At this moment the rustle of a woman's dress was heard in the vestibule, and Flora hastened in, saying: ‘Be quiet! Quiet, for goodness sake … Come back tomorrow, Mr Spigelman … Surely you know the money will be here …'

‘That's just why I have come today, and for the third time too. Tomorrow other people will come, and I'll be made to wait again.'

The blood went to Izabela's head and without realising what she did, she suddenly went into the vestibule: ‘What is it?' she asked Flora. Mikołaj shrugged and tip-toed back into the kitchen.

‘It's me, your ladyship … David Spigelman,' replied a little man with black beard and dark spectacles, ‘I've come to see His Excellency on a little matter of business …'

‘Bela, dear,' Flora exclaimed, trying to draw her cousin away. But Izabela freed herself and seeing that her father's study was unoccupied, she told Spigelman to go in.

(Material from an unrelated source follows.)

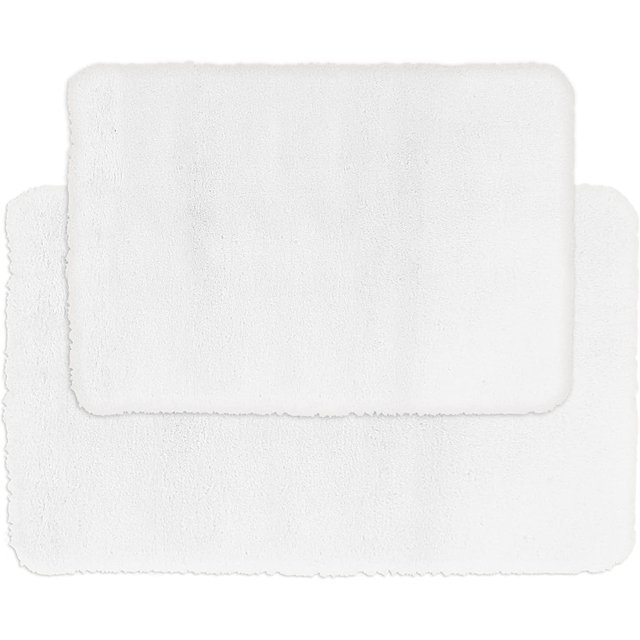 Villa Luxe Pure Bath 2 Piece Faux Fur Bath Rug Set, 20 x 32 and 17 x 24, Ivory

‘Think, Bela — what are you at?' Flora protested.

‘I want to find out the truth once and for all,' said Izabela. She shut the study door, sat down and looking into Spigelman's dark glasses, she asked: ‘What business have you to discuss with my father?'

‘My apologies, your ladyship,' said the visitor, bowing, ‘it is a very small matter. I only want my money back.'

‘How much is it?'

‘Altogether about eight hundred roubles.'

‘You will get it tomorrow …'

‘My apologies, your ladyship, but … for six months I've been getting that “tomorrow” week after week and don't see neither interest nor capital …'

Izabela felt breathless and there was a pain in her heart. However, she mastered herself: ‘You know my father is to get thirty thousand roubles… Apart from that (she said this without thinking) we shall be getting ten thousand a year. Your small sum will not disappear — surely you understand that?'

‘How ten thousand?' the Jew asked, and raised his head impudently.

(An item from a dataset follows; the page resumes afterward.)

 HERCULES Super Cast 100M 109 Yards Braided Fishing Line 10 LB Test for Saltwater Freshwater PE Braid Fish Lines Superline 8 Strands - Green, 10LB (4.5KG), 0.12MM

‘What do you mean — “how”?' she replied indignantly, ‘interest on our fortune…'

‘From thirty thousand?' the Jew interrupted a smile, thinking she wanted to trick him.

‘Yes.'

‘My apologies, miss,' Spigelman replied ironically, ‘I have been making money a long time but I never heard of no such interest. On thirty thousand His Excellency may get three thousand, even then on a very dubious mortgage. But what's it to me? My business is to get my money back. For when the rest come tomorrow, they will be better than David Spigelman, and when His Excellency pays off the rest at interest, I'll have to wait a year …'

Izabela rose: ‘I assure you you will get your money tomorrow,' she exclaimed, eyeing him contemptuously.

‘Word of honour?' asked the Jew, relishing her beauty.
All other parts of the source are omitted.